A steam locomotive pulling tank cars in the Revelstoke yard, 1956. RRM Collection, P-10769.
Snow Plow No. 401027
Snow plow No. 401027 was built in 1926 specifically for clearing snow from mountain railway tracks. Different regions have different types of snow and require different types of plows. This plow was designed to deal with wet, packed mountain snow. The brow of the plow is shorter, and mountain plowing was done at a much slower speed than plowing in the prairies.
The plow was placed in front of a locomotive, and the locomotive pushed the plow through the snow ahead.
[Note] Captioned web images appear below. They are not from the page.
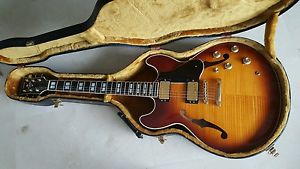 Magnifique guitare électrique YAMAHA SA-2200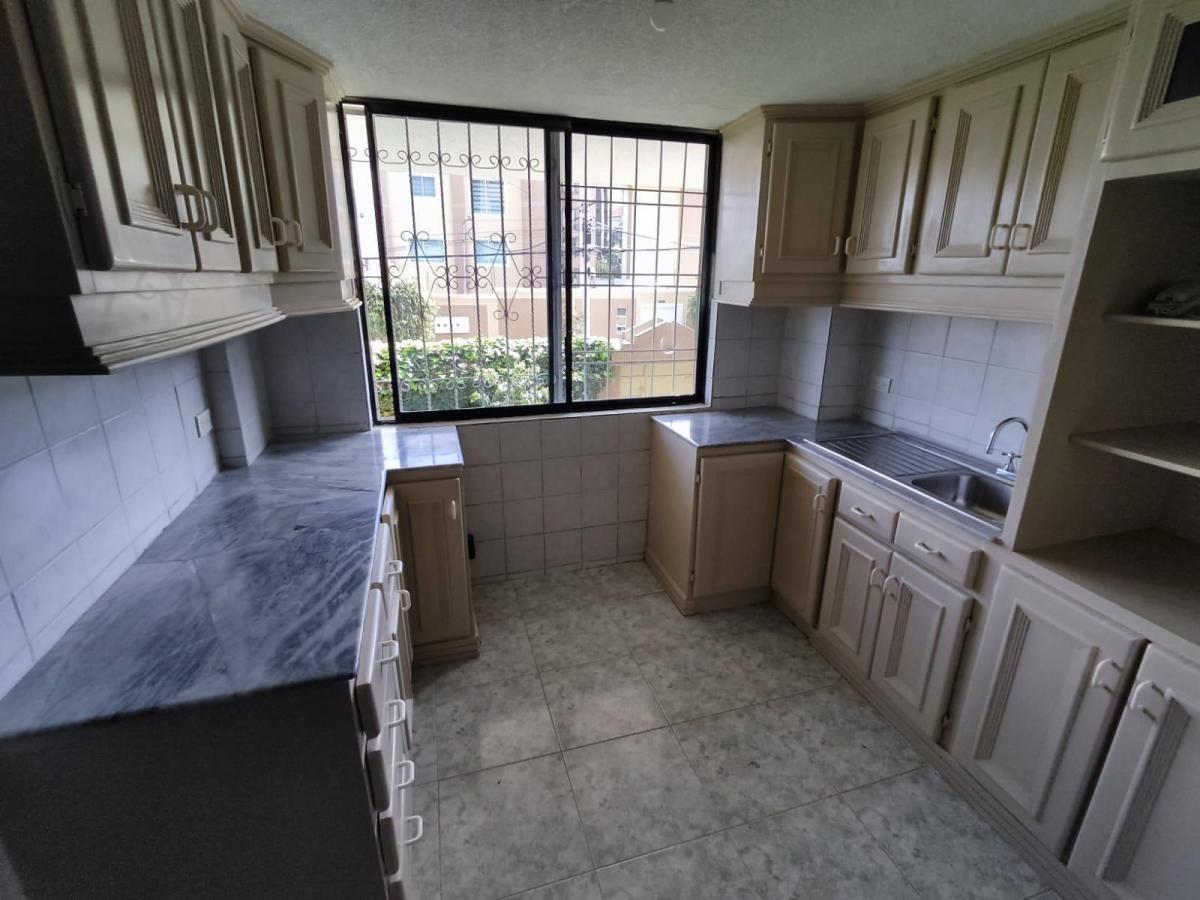 C/ Monteserrín, Departamento de 135 m² en Venta, 3 Habitaciones — imagen 7
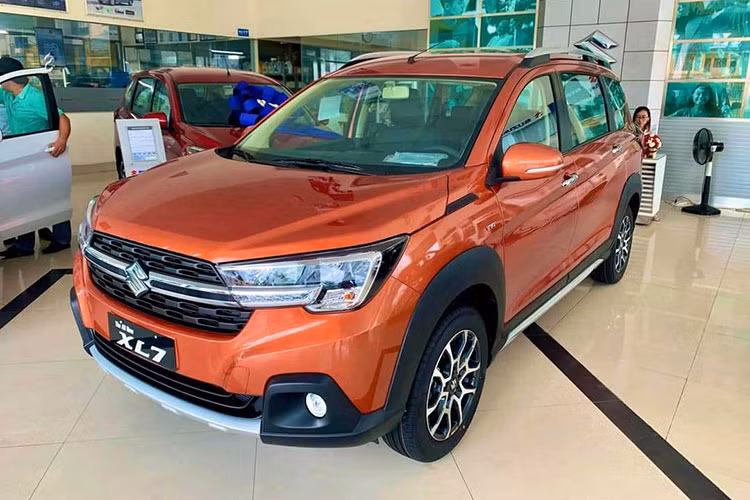 Trong tháng 7, doanh số Suzuki XL7 chỉ đạt 181 xe, giảm 57% so với tháng trước. Trước đó, XL7 từng nhen nhóm cơ hội áp sát Xpander nhưng đã nhanh chóng bị dập tắt, trong đó có nguyên nhân lượng xe về đại lý Suzuki không đều.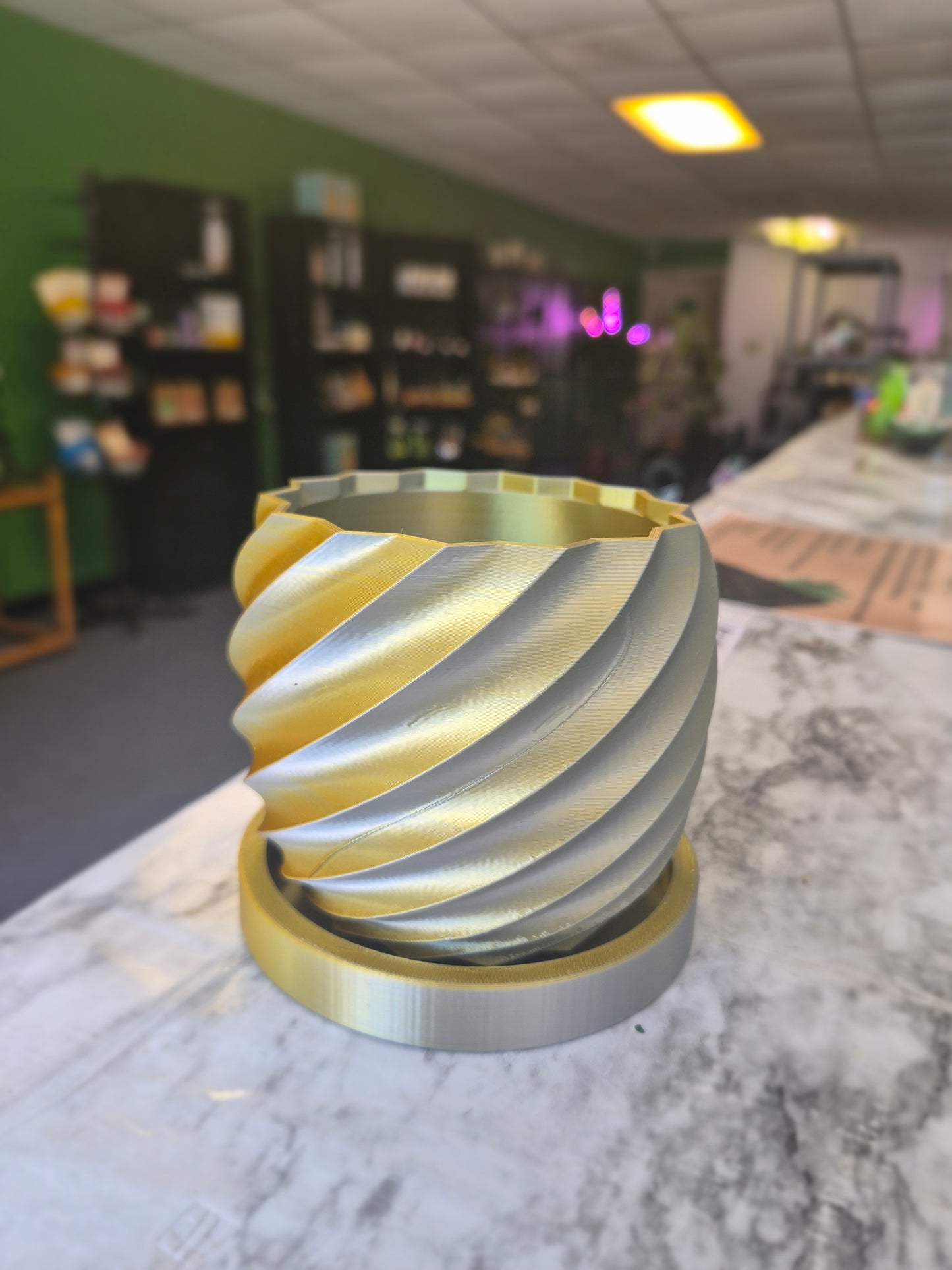 Plant Pots- Silk Color Spiral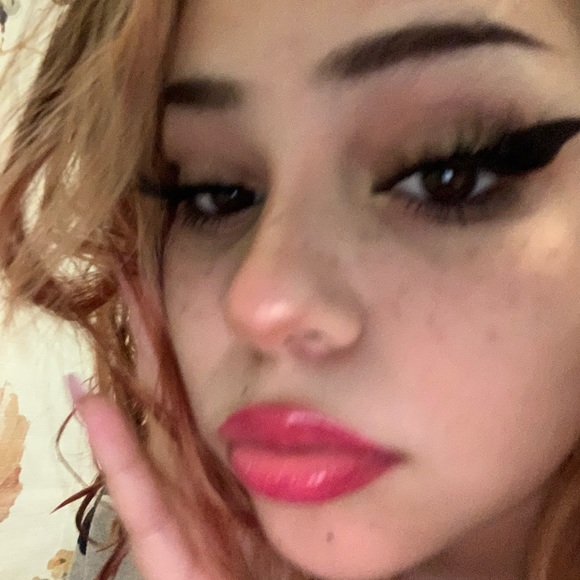 Meet your Posher, Sandra - Picture 3 of 5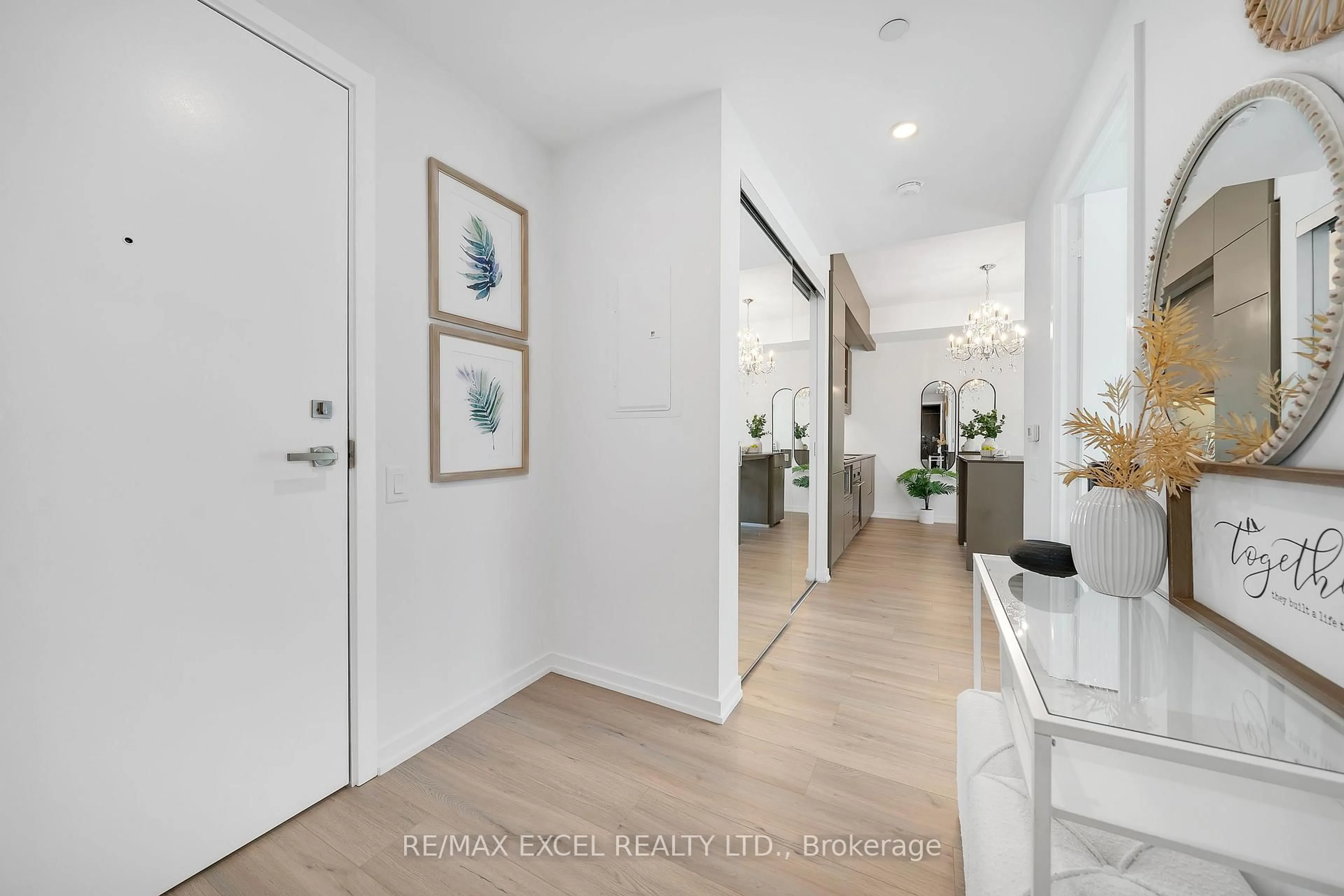 Indoor entryway for 101 Peter St #1508, Toronto Ontario M5V 0G6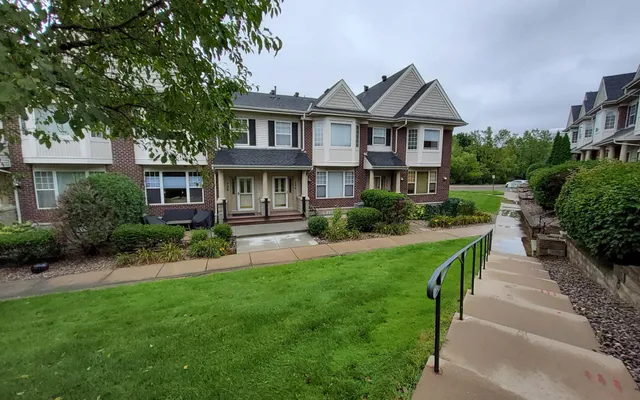 $360,000 | 754 Wisconsin Avenue North, Golden Valley, MN 55427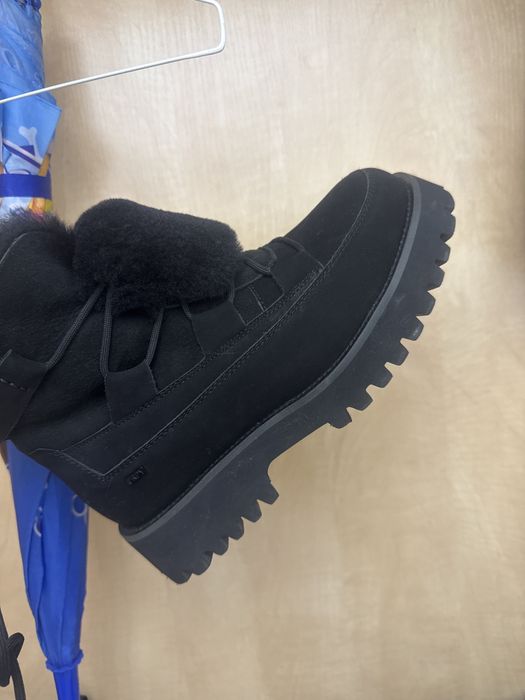 Женские  замшевые черные ботинки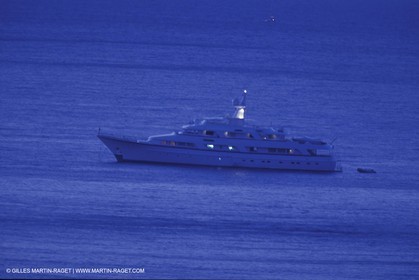 Motor boat running
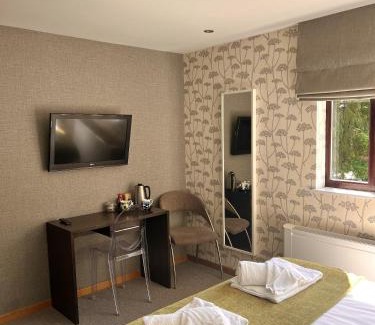 Westerham Hotel | The Bakery B&B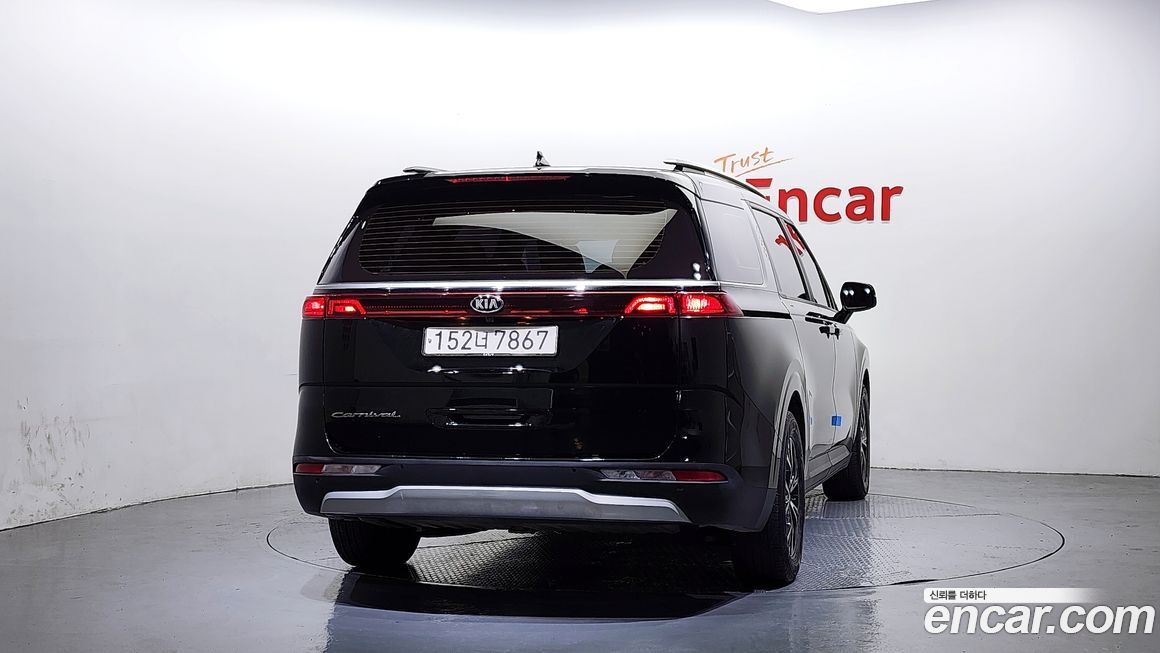 Kia Canival 2021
Spreaders such as our Selkirk Spreader were often placed behind plows to assist with clearing the tracks of snow and ice.
Plowing near Revelstoke with Mt. Begbie in the background, 1987. RRM Collection, P-1139.
Hopper Car No. 353119
This is a steel hopper car. It was built in 1969 and was specifically designed for hauling coal to port. Coal cars pass through Revelstoke frequently on their way to the Roberts Bank super-port near Vancouver. Other types of hopper cars carry sulphur, potash, dry chemicals, and grains. You may see hopper cars passing by as part of “unit trains”, which are dedicated to hauling a single type of cargo to a single destination. Transporting this way saves time and money.
Modern hoppers are mostly made of aluminum. Aluminum is much lighter than steel, which allows more cars to be pulled and thus more material is transported at once. Coal cars are delivered with fresh red paint, but quickly turn black from coal dust.
Westbound coal train at the Laurie Sheds, 1979. RRM Collection, P-2928.
Caboose No. 437477
Caboose No. 437477 was built in 1954. It was one of the first CPR cabooses to have the cupola (the raised portion) built in the centre of the car, rather than towards the rear. From the cupola, crew members watched over the long line of freight cars for hazards such as broken axles or dragging equipment. In emergencies, caboose crewmen could pull a brake and stop the train. The caboose also provided the crew with basic cooking and sleeping quarters. Older cabooses were made of wood, but later styles were made of steel.
Cabooses were made obsolete by trackside scanning technology and the use of end-of-train units. Such units automatically relay information to the locomotive using radio signals.
3 men posing on an older style wooden caboose in the Crow’s Nest Pass, 1907. RRM Collection, P-2891.
Flat Car No. 421237
This flat car was built in 1924, making it one of the oldest pieces of rolling stock in our collection.
Flat cars are used to transport a variety of goods. While boxcars are used to transport goods that need to be protected from the elements, flat cars are used for transporting less sensitive cargo and larger objects that cannot fit into a boxcar. Over time, flat cars were built in a variety of shapes and sizes to accommodate different cargos. You may see flat cars rolling by today, carrying everything from steel beams to pipelines, or even wind turbine blades.
A work team poses on flat cars behind an early steam locomotive, ca. 1900. RRM Collection, P-3270.